Во Владивостоке Галина поступила делопроизводителем-машинисткой в Приморское Управление уполномоченного Народного комиссариата иностранных дел (НКИД). Через год Кауфмана перевели в Москву, в Восточный отдел Коминтерна, а жену его трудоустроили в журнале «Коминтерн» на должность технического секретаря.
В апреле 1925 года Галина рассталась со Львом и уехала в Харбин к больной матери. Из Народного комиссариата иностранных дел ее известили телеграммой, что ей предлагается работа в советском консульстве в Шанхае, а оттуда она была перенаправлена в консульство в Ханькоу.
…Михаил Казанин встретил Кольчугину на улице. Со школьной поры она мало изменилась: все то же живое лицо, лукавые глаза и та же легкая, дразнящая манера разговора.
Она пригласила Михаила зайти, посидеть, вспомнить детскую дружбу. Но Казанин в гости не пошел. Ему, рядовому работнику, казалось неуместным становиться на короткую ногу с прославленным героем Гражданской войны только потому, что тот женился на его школьной подруге…
Блюхер занимал особняк на набережной Янцзы, на самом краю одной из бывших английских концессий.
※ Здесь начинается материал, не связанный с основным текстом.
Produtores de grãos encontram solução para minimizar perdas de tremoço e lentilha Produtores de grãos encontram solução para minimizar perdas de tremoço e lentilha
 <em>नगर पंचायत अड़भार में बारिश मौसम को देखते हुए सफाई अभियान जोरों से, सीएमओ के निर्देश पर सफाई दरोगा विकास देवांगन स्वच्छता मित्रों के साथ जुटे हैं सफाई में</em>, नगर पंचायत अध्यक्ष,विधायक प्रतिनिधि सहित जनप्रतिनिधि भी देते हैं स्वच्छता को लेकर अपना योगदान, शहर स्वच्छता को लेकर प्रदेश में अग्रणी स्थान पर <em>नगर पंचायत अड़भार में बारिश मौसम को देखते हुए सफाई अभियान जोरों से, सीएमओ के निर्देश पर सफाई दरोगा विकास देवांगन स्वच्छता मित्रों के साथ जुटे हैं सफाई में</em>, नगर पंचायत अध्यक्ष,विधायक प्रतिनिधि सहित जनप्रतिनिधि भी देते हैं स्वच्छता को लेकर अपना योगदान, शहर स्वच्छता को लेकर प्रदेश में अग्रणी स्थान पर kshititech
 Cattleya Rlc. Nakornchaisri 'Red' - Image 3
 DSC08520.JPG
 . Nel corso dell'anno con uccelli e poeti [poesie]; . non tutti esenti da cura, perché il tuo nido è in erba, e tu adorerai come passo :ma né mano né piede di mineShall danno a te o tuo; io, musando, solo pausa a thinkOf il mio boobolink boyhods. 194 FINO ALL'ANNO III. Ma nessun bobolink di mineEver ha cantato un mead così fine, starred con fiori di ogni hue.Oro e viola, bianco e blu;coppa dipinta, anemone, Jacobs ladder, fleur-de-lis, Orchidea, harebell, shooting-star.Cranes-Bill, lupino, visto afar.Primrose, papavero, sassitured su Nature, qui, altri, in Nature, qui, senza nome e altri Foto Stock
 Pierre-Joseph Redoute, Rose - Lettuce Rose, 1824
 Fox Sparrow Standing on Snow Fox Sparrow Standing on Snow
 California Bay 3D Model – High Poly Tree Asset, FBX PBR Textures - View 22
Он и Галина жили наверху, на нижнем этаже располагалось Информбюро, место работы и обитания Казанина.
Однажды утром вниз сошла Галина и сообщила Казанину, что начальство направляет ее в его распоряжение. Ее обязанности: печатать на машинке и вообще делать все, что он потребует. Но буквально через два дня она с извинением сказала: больше приходить не сможет. Значит, муж приревновал ее к другу детства.
Так прекратилось их кратковременное сотрудничество, но друзьями они остались…
В феврале 1927 года Галин-Блюхер и весь его штаб переехали из Ханькоу в Наньчан, где со своими главными силами, своего рода преторианской гвардией, располагался Чан Кайши. Ханькоу в это время представлял собой оплот демократии. Здесь были промышленность, рабочие союзы, боевое студенчество и, наконец, ЦК китайской компартии. Такое средоточие «левых» — явно неподходящее место для Чана. Он предпочитал отсиживаться в тихом провинциальном Наньчане, вдали от студентов и рабочих. Там же находился и его штаб. Чтобы не выпускать Чан Кайши из поля зрения и не допустить открытого с ним разрыва, и было принято решение перебазировать в Наньчан военную миссию Блюхера…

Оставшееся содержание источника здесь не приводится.